According to the National Geographic, about a 100 lightning bolts strike the earth’s surface about every second. Despite its commonality, the facts about lightning still boggle the mind. Each bolt of lightning can contain up to one billion volts of electricity. These bolts of energy streak toward the earth at around 200,000 mph, heating the air to five times hotter than the surface of the sun. Lightning is certainly an illuminating example of the power of God.
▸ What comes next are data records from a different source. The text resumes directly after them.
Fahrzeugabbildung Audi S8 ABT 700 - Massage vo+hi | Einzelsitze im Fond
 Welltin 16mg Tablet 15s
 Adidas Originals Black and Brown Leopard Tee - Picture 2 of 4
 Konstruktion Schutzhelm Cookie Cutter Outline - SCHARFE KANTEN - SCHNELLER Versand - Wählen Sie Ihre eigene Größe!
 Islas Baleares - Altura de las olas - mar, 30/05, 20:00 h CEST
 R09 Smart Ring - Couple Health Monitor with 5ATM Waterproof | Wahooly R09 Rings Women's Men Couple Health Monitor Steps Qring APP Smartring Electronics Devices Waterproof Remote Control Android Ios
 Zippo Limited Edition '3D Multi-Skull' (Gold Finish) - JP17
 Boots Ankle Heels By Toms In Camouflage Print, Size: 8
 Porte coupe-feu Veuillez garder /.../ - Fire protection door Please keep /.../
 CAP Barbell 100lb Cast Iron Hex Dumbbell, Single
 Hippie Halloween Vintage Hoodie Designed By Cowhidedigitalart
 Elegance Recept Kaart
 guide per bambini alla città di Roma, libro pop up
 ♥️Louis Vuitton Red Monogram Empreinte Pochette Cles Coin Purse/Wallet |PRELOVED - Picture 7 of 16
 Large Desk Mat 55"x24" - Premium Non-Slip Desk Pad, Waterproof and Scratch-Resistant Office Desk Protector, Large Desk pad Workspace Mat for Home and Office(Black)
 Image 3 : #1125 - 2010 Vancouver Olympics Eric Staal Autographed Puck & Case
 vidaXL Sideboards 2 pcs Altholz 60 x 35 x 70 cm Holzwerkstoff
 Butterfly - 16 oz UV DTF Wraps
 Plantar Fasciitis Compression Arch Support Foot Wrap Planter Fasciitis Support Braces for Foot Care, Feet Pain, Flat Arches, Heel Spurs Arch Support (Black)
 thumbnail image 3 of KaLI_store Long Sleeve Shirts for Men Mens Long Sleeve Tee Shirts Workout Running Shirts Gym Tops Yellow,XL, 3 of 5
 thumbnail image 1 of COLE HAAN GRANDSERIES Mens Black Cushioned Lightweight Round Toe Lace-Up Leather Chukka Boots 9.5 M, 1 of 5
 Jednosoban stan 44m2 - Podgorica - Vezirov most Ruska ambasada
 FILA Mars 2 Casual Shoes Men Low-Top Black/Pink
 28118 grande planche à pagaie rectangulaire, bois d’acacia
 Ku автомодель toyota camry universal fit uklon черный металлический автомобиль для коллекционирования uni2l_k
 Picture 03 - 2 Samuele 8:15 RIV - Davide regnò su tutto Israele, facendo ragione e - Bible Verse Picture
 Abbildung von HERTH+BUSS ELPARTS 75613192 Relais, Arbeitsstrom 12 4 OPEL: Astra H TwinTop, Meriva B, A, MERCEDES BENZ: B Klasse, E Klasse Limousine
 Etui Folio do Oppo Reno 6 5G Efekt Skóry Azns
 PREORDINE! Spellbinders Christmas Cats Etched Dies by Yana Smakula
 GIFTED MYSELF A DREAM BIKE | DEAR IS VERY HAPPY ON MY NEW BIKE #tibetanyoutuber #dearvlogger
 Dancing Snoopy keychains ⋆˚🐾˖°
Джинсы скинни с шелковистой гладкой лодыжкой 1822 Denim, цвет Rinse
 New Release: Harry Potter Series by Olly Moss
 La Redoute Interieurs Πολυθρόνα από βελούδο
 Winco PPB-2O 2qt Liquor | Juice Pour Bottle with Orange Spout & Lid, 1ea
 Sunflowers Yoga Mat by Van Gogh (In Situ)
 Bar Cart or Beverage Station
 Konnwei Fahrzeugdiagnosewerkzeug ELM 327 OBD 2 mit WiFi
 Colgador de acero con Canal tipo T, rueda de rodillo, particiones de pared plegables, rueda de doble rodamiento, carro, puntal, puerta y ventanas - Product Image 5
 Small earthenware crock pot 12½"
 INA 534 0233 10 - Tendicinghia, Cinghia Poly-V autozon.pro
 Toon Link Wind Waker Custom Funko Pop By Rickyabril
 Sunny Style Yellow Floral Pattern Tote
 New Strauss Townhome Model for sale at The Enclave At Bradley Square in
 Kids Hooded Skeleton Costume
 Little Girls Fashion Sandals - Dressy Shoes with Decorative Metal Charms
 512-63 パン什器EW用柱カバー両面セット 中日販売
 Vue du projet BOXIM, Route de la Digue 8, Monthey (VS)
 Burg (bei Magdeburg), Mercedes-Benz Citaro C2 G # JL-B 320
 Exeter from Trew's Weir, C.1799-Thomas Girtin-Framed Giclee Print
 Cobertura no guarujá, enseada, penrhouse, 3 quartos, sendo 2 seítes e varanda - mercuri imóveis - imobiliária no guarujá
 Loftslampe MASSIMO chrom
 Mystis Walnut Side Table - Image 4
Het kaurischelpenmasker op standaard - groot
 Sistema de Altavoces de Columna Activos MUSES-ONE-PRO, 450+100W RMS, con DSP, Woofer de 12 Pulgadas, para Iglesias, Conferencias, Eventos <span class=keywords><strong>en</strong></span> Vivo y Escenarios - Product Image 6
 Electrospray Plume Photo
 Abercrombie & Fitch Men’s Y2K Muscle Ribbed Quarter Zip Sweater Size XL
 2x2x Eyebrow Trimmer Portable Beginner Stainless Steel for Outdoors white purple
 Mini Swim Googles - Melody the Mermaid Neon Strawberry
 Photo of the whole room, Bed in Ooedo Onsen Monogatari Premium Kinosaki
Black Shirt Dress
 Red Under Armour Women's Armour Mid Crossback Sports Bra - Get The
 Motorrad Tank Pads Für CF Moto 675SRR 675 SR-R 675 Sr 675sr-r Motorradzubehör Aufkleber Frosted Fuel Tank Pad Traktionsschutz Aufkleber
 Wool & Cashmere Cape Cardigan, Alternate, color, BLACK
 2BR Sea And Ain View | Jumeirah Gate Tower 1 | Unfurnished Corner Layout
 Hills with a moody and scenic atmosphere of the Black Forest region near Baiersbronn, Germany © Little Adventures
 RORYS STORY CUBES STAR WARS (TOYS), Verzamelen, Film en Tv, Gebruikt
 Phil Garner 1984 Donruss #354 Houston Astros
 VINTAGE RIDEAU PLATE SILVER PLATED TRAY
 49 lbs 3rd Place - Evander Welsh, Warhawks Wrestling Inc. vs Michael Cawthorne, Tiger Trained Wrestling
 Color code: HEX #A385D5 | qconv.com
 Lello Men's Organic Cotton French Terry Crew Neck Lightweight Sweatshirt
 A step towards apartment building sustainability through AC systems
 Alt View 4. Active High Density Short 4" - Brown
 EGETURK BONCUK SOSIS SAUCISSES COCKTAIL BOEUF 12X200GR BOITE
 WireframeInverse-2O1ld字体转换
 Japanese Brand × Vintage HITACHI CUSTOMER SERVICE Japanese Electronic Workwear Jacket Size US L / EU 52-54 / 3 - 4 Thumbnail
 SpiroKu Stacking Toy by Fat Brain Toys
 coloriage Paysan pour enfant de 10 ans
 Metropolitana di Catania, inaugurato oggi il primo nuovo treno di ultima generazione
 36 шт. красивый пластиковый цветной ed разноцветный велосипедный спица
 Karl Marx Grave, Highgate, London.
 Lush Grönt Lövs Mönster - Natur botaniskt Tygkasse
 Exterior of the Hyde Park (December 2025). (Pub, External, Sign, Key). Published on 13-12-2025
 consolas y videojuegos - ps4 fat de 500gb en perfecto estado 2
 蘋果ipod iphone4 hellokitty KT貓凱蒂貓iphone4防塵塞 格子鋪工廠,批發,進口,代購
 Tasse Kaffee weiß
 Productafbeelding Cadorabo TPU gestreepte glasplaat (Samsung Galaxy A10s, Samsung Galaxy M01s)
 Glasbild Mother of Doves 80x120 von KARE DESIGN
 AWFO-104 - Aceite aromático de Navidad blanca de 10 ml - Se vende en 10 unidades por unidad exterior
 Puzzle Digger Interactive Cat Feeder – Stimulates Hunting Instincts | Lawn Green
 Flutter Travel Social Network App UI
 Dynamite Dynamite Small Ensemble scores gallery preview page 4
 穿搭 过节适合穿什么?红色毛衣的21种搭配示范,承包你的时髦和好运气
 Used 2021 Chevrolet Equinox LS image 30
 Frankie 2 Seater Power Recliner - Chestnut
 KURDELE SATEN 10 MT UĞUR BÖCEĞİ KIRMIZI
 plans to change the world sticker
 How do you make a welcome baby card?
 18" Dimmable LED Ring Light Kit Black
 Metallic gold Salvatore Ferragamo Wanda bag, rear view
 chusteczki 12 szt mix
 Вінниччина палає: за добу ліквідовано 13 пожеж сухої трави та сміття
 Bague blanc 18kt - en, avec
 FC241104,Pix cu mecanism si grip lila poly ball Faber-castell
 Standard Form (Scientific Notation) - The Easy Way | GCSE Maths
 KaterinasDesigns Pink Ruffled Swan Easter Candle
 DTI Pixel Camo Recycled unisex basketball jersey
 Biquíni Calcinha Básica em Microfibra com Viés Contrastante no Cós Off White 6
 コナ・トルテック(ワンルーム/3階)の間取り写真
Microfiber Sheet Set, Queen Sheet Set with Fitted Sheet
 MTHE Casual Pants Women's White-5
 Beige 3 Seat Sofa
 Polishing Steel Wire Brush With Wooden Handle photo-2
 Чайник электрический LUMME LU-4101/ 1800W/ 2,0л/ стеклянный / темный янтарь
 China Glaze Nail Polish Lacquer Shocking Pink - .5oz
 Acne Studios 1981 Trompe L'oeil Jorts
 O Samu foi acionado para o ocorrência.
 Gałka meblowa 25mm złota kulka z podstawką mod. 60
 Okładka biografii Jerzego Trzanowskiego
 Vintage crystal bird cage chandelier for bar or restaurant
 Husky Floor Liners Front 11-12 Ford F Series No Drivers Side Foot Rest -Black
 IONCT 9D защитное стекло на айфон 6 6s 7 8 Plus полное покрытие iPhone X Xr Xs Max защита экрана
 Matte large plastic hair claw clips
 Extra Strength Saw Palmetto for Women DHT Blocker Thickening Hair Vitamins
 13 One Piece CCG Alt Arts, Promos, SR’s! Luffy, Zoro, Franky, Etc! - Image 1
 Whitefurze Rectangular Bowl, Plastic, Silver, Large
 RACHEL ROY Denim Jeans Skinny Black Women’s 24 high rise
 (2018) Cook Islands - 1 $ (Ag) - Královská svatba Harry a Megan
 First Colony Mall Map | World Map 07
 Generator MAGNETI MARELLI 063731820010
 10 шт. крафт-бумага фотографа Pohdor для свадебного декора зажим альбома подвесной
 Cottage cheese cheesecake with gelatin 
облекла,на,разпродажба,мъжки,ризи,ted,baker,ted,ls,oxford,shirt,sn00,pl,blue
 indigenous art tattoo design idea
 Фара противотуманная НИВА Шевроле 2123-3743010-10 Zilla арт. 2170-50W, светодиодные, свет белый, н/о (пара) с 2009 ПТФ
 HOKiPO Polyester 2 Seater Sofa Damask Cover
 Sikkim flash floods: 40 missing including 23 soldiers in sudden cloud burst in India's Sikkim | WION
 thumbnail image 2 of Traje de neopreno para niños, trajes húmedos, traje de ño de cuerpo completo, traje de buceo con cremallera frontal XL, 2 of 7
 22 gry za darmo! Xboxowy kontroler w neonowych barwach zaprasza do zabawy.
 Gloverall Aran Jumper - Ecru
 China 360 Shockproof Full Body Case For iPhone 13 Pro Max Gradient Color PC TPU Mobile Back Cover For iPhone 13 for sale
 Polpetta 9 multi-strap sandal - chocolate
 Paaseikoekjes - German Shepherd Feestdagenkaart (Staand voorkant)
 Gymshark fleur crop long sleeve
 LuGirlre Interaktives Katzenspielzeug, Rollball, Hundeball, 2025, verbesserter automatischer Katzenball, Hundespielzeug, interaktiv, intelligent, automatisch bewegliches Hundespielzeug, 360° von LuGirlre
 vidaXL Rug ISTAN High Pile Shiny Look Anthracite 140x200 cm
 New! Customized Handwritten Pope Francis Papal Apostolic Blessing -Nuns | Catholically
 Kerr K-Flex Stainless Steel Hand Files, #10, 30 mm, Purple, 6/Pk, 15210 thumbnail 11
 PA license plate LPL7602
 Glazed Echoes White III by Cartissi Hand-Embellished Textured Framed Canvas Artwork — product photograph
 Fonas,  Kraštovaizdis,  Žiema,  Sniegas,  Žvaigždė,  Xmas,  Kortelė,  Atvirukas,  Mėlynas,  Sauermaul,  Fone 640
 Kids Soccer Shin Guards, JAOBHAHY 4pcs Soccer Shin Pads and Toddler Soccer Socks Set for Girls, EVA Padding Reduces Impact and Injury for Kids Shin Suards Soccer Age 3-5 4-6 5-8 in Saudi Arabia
In the ancient world around Israel, many cultures worshiped storm deities. The Canaanites worshiped Baal, the Babylonians worshiped Marduk, and the Assyrians worshiped Asshur. In Psalm 29, David takes this storm imagery and applies it to the Lord. He argues that thunderstorms demonstrate the Lord’s power and should not be attributed to Baal or any other god.
The psalm begins with a call to all heavenly beings to “Ascribe to the Lord glory and strength” (v. 1). The heart of the psalm is structured around seven statements David makes about the “voice of the Lord” (vv. 3–9). He pictures the Lord’s voice thundering over the waters, breaking the mighty cedars of Lebanon, shaking the desert, and stripping the forests of their leaves. The imagery is mighty. God’s power is untamable and demands respect.
Because of the Lord’s power, the final two verses describe the Lord taking up His throne and reigning as King forever (vv. 10–11). Despite the Lord’s destructive power celebrated in this psalm, the poem ends with the line, “the Lord blesses his people with peace” (v. 11). He uses His power to bring wholeness and well-being to His people. The voice of the Lord is ultimately the voice of peace for those who acknowledge and submit to His reign.
How long has it been since you were overwhelmed by God’s greatness? In our churches today, we sometimes overemphasize God as our friend. While there is a sense in which that is true, this psalm reminds us not to take our relationship with God too casually. Today, let’s remember that “Holy, holy, holy is the Lord Almighty” (Isa. 6:3).